Case-Control matching
Command: | Tools Case-Control matching |
Description
The case-control matching procedure is used to randomly match cases and controls based on specific criteria. MedCalc can match on up to 4 different variables.
In the example we will use the following data:
The treated cases are coded 1, the controls are coded 0. For each treated case MedCalc will try to find a control case with matching age and gender.
Required input
- Classification variable: select or enter a dichotomous variable indicating group membership (0=control, 1=case).If your data are coded differently, you can use the Define status tool to recode your data.
- Variable with case identification: select a variable that contains a unique identification code for each subject in the spreadsheet. If you do not select a variable here (not recommended), MedCalc will use row numbers as case identification.
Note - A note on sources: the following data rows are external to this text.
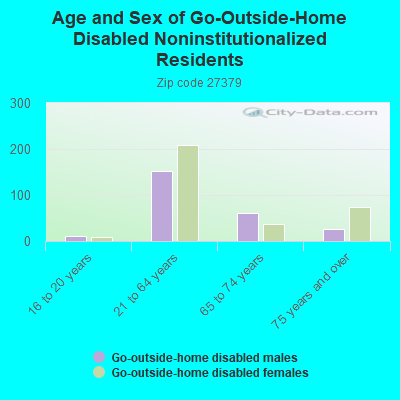 Age and Sex of Go-Outside-Home Disabled Noninstitutionalized Residents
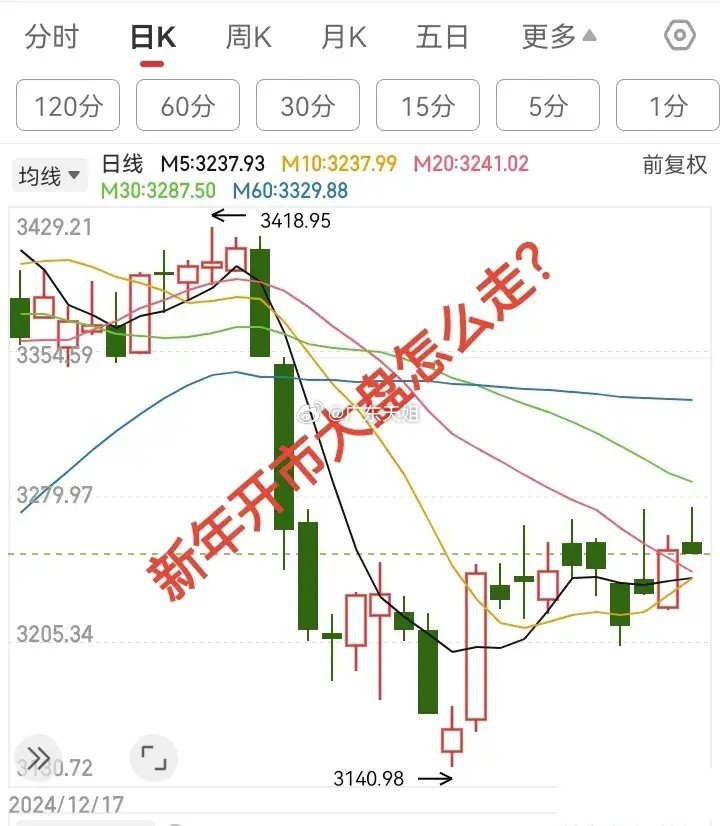 收年开市莫冲动，明天大盘这样走！我大胆预测，明天大盘跳空低开，快速下探，跌到32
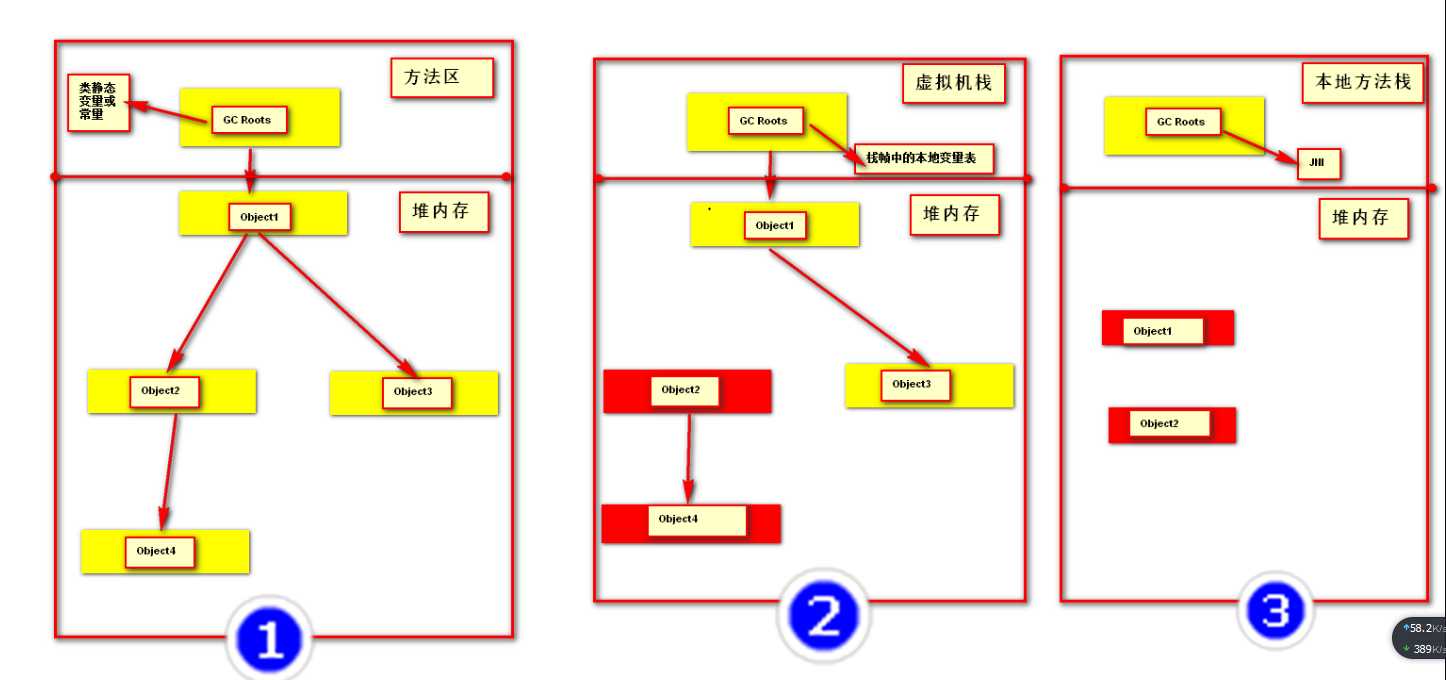 技术图片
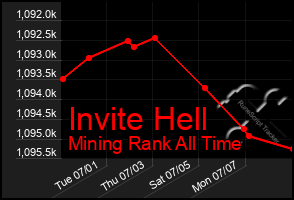 Total Graph of Invite Hell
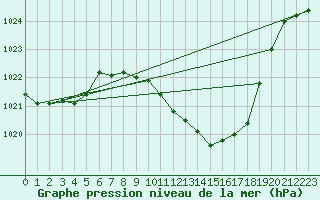 Courbe de la pression atmosphrique pour Logrono (Esp)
- Match on: select up to 4 variables and for each variable the maximum allowable difference (caliper). Smaller calipers will result in reduced bias and closer matches, but may also result in a smaller number of matches. Select the option "Exact match" to match on a variable that is not numerical (for example, a variable "Gender" that is coded 'Male' and 'Female').
- Filter: (optionally) a filter in order to include only a selected subgroup of cases (e.g. SEX="Male").
- Advanced: click to enter the number of iterations and the random number seed.
For the example data, we complete the dialog box as follows:
Results
The results are displayed in a dialog box.
The program gives the total number of subjects, number of cases, number of controls and the number of matched cases, i.e. the number of cases for which a matching control has been found.
Next, the mean difference between the matched subjects are given, with mean difference, SD, 95% CI of the difference and associated P-value (paired samples t-test). The 95% confidence intervals should be small and neglectable. P-values should be non-significant. If for one or more variables the confidence interval is large or the P-value is significant, the "maximum allowable difference" entered in the input dialog box (see above) was probably too large.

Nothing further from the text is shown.